Sechs oder vier Jahre?

Hamburg entscheidet über Volksschule

Die schwarz–grüne Regierung in Hamburg hat auf das schlechte Zeugnis für ihre Bildungspolitik mit einem weitreichenden Maßnahmenpaket reagiert und sich damit viel Widerstand eingehandelt. Am Sonntag steht deswegen sogar ein Volksentscheid an, der erste in der Geschichte der Hansestadt. Es geht um vier oder sechs Jahre Volksschule.

Mittagsjournal, 17.07.2010

"Schulkrieg und Glaubenskampf"

Seit Monaten gehen an Alster und Elbe die Wogen hoch. Kein anderes Thema emotionalisiert die sonst so zurückhaltenden Hanseaten wie die Frage, ob die Volksschule künftig vier oder sechs Jahre lang dauern soll. Von Schulkrieg und Glaubenskampf ist die Rede, die Für- und Widersprecher ziehen sich durch alle politischen Lager und sozialen Schichten. Die anderen Inhalte des dicken Reformpaktes – kleinere Klassen, Einzelförderung, Reduzierung auf zwei weiterführende Schulformen, früher Englischunterricht oder bessere Lehrerausbildung - stehen nicht zur Abstimmung.

"Die Stadt braucht jedes Kind"

Nach dem Willen des schwarz–grünen Senats sowie der breiten Mehrheit in der Bürgschaft soll der schulische Grunddurchgang sechs Jahre lang dauern. Bildungssenatorin Christa Goetsch von den Grünen sieht das als einen wichtigen Punkt, in der Stadt mit dem hohen Migrantenanteil die Chancengleichheit zu heben und die soziale Kluft zu verkleinern. Die Stadt brauche jedes Kind, es herrsche riesigher Fachkräftemangel.

Erfolgreiche Bürgerbewegung

Von Gleichmacherei sprechen die Gegner, die vor allem in den besseren Hamburger Vierteln zu Hause sind. Von einem Gucci Aufstand hat die "Zeit" geschrieben, als sich eine Bürgerbewegung namens "Wir wollen lernen" gegründet hat. Ihr Volksbegehren war nach nur wenigen Wochen so erfolgreich, dass der bindende Volksentscheid notwendig wurde. Angestoßen hat die Initiative der Jurist Walter Scheuerl. Längeres Lernen in der Volksschule verkürze die Zeit in den weiterführenden Schulen, sagt er. Ihm und seinen Mitstreitern geht es dabei primär um das Gymnasium, auch wenn sie das selten offen sagen.

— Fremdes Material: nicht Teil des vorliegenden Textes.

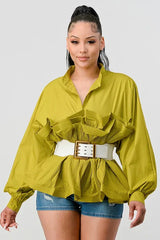 Front view of a woman in a lime green peplum top with a ruffled neckline and pleated hem, cinched with a white belt.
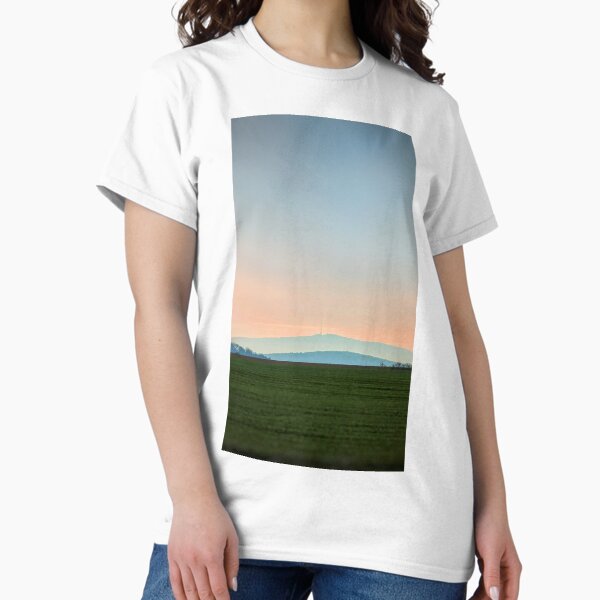 view of the mountain against the backdrop of the setting sun Classic T-Shirt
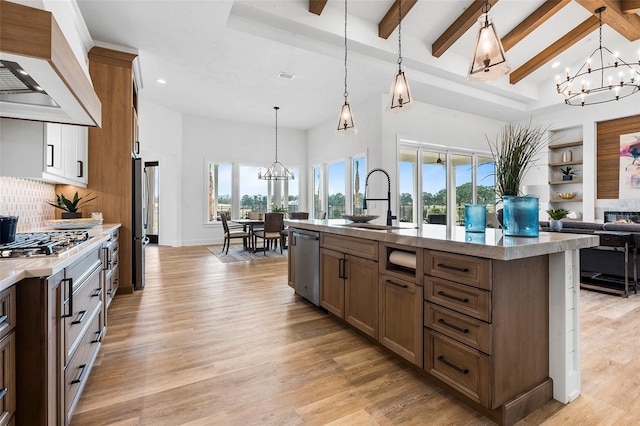 kitchen with a wealth of natural light, light wood-type flooring, custom range hood, an island with sink, and appliances with stainless steel finishes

Aus Sicht von Scheuerl leidet die leistungsgerechte Förderung, Hamburg würden Bildungsnachteile drohen. Nach den jüngsten Umfragen wird ein knappes Ergebnis erwartet, die Systemerhalter liegen vorn.

Wichtiges Signal für den Bund

An dem Volksentscheid in Hamburg hängt mehr als ein Ja oder Nein zu einem Punkt einer Schulreform. Für die Bildungspolitiker außerhalb des Stadtstaates bildet das Ergebnis ein wichtiges Signal, in welchem Umfang sich Reformpläne im Bereich Schule umsetzen lassen – das Hamburger Modell gilt in manchen Ländern als Vorbild. Für die schwarz–grüne Koalition hätte ein Nein zur Reform eine weitere Schwächung zur Folge, denn sie hat Bildung zu einem ihrer Kernthemen gemacht.

Gibt der Bürgermeister auf?

Geschwächt dürfte die Koalition am Sonntag so oder so werden. Hamburgs Bürgermeister Ole von Beust will nach neun Jahren gehen. Er sei amtsmüde, heißt es, Gerüchte um seinen Rücktritt halten sich seit Monaten hartnäckig, seine Dementis sind halbherzig. Nach unbestätigten Meldungen will von Beust Sonntagnachmittag seinen Rückzug mit Ende August bekannt geben – pünktlich zur ersten Sitzung der Bürgschaft nach der Sommerpause. Es wäre der sechste CDU-Regierungschef innerhalb eines Jahres, der sein Amt aufgibt beziehungsweise verliert.